Follow the Leader
Each quarter, several dozen applicants apply to the Leadership Job Shadow program hoping to be chosen for one of Chancellor Gary S. May’s signature opportunities.
As May explained when launching the program in spring 2018, students are “encouraged to learn more about UC Davis by spending a day with a campus leader. One of the goals of the program is to offer insight into the complexity and challenges of running a top 10 university.”
Another goal is for campus leaders to hear from students about what matters to them.
Ideally, a student and a leader will be a good match, and each learns from the other. A committee meets each quarter to review the applications — which include questions about a student’s major, career goals and hopes for the experience — with an eye toward pairing people with similar interests and fields.
An example of an ideal match came in the fall quarter. Renetta Garrison Tull, vice chancellor of Diversity, Equity and Inclusion, who also earned her Ph.D. in electrical engineering, was partnered with an electrical engineering student whose long-term career goal is “to go back to my country (Turkey) and work on promoting diversity and inclusion in STEM there.”

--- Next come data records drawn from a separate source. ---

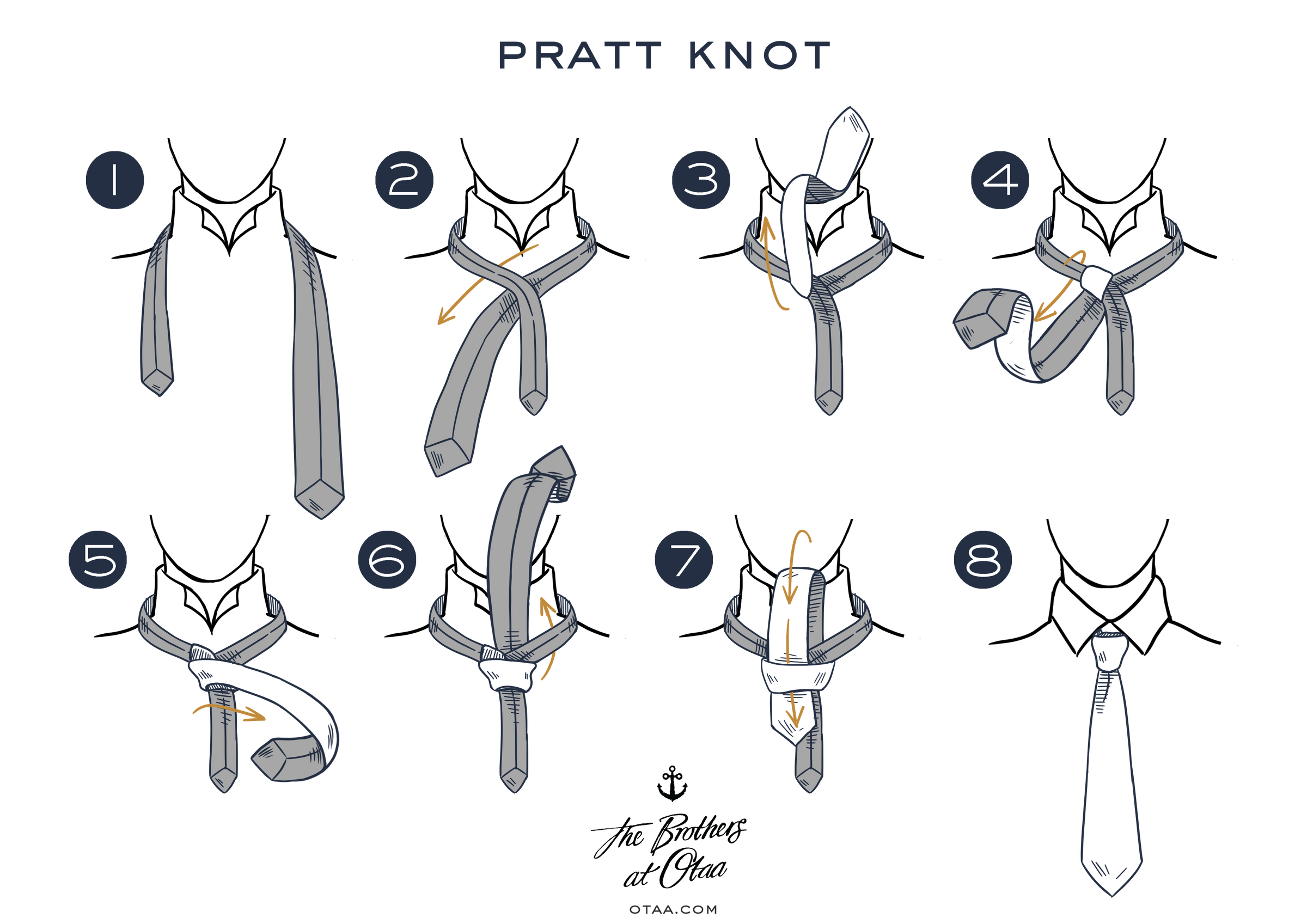 How To Tie A Pratt Knot - steps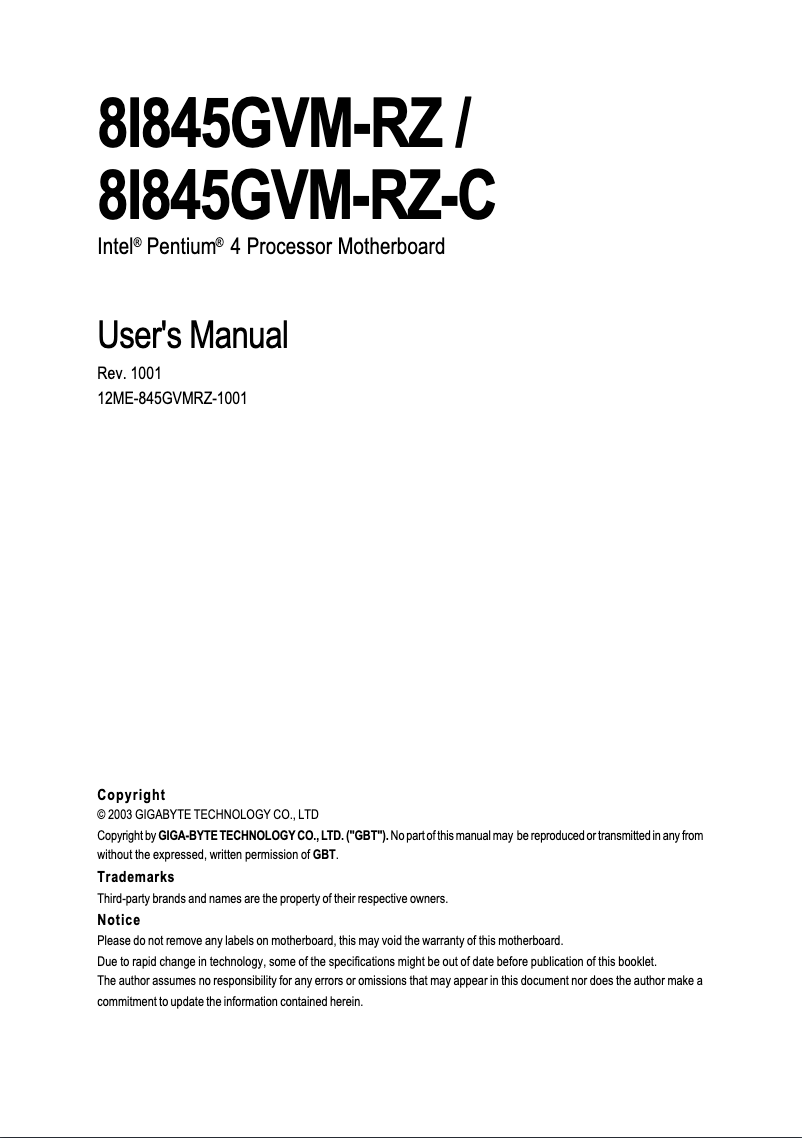 Image de la première page du manuel de l'appareil 8I845GVM-RZC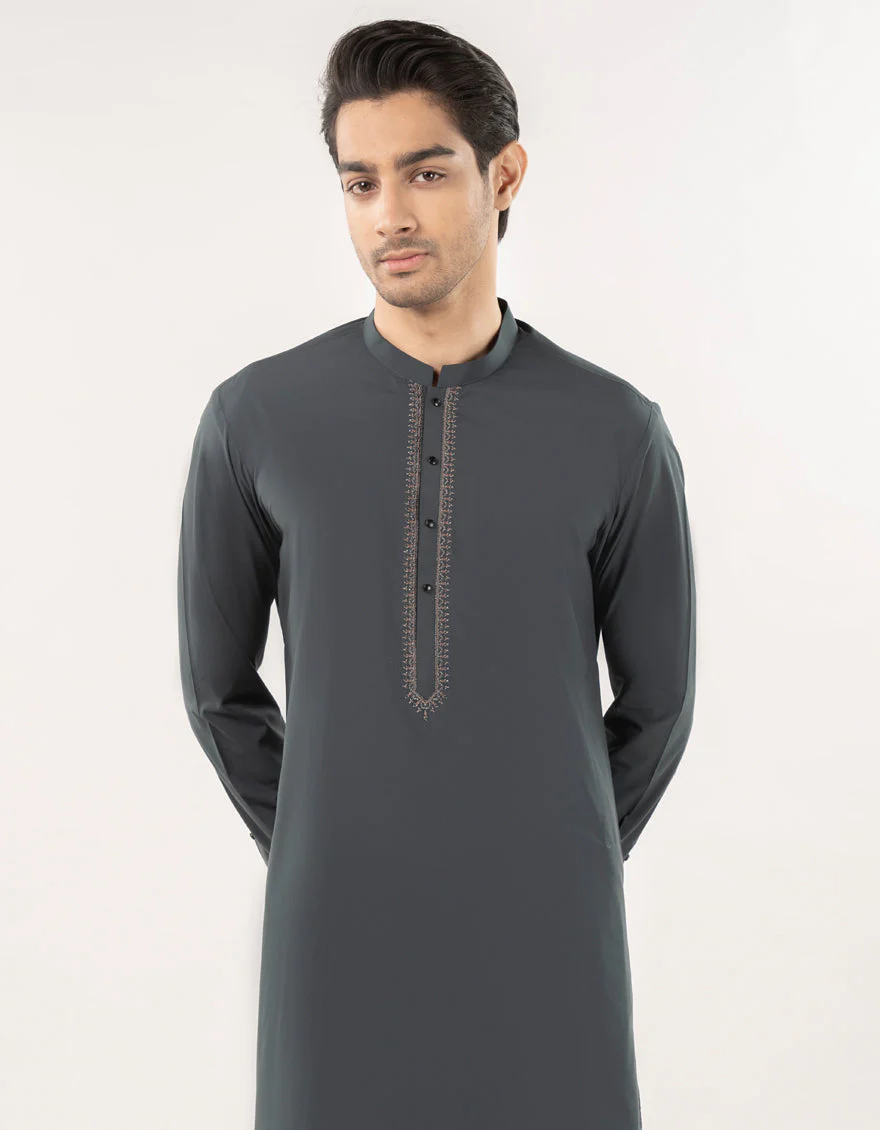 DARK GREEN BLENDED KURTA TROUSERS | JJKP-A-50015/S25/JJ10016-SF - Image 2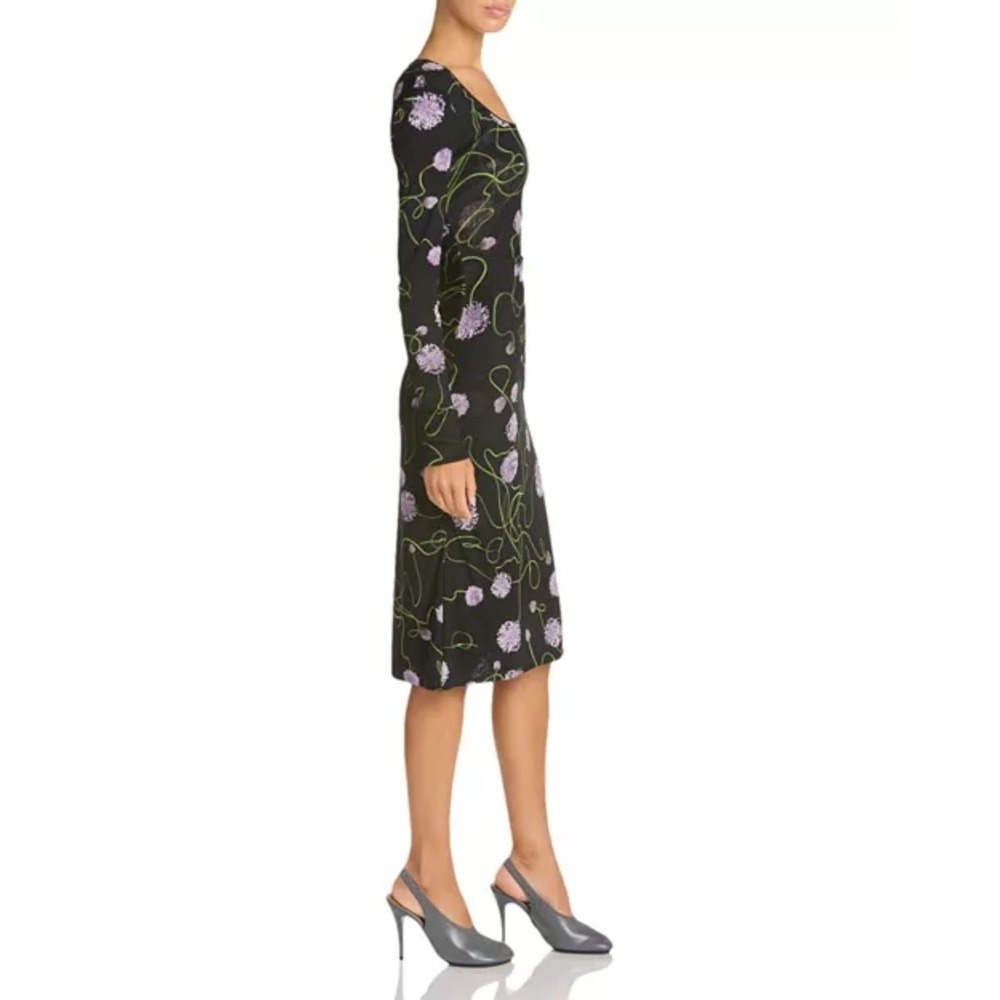 Stella McCartney Ruched Waist Twisted Floral Mesh Dress Black Size XS, Size Med - Picture 3 of 17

Upon learning of her match, Tull wrote the student an email introducing herself — “I’m an EE too! Engineers unite!” She suggested that during their day together they would attend a chancellor’s cabinet meeting, a DEI team meeting and “if there is an opportunity, perhaps we can Zoom with a friend of mine from Turkey, who is the president of the Global Engineering Deans Council and also an EE!”
There would be time in the day as well, Tull said, to discuss the student’s Ph.D. program, as well as hear her perspective on DEI and STEM education.
Tull’s student reported on LinkedIn that her experience was “inspiring,” and that she has new ideas on how “to incorporate DEI values in my own career journey.”
All students who participate in the Leadership Job Shadow Program are asked to share their stories via social media to encourage others to apply. One undergraduate’s review about his time shadowing Kelly Ratliff, vice chancellor for Finance, Operations and Administration, highlighted one of the program’s most valuable purposes.
“Seeing all of the other vice chancellors there in one room and being the only student was incredibly nerve-wracking, but being in that room really showed me that our administrators are human and want to help and serve our community. I felt inspired and wanted to be like them one day, too.”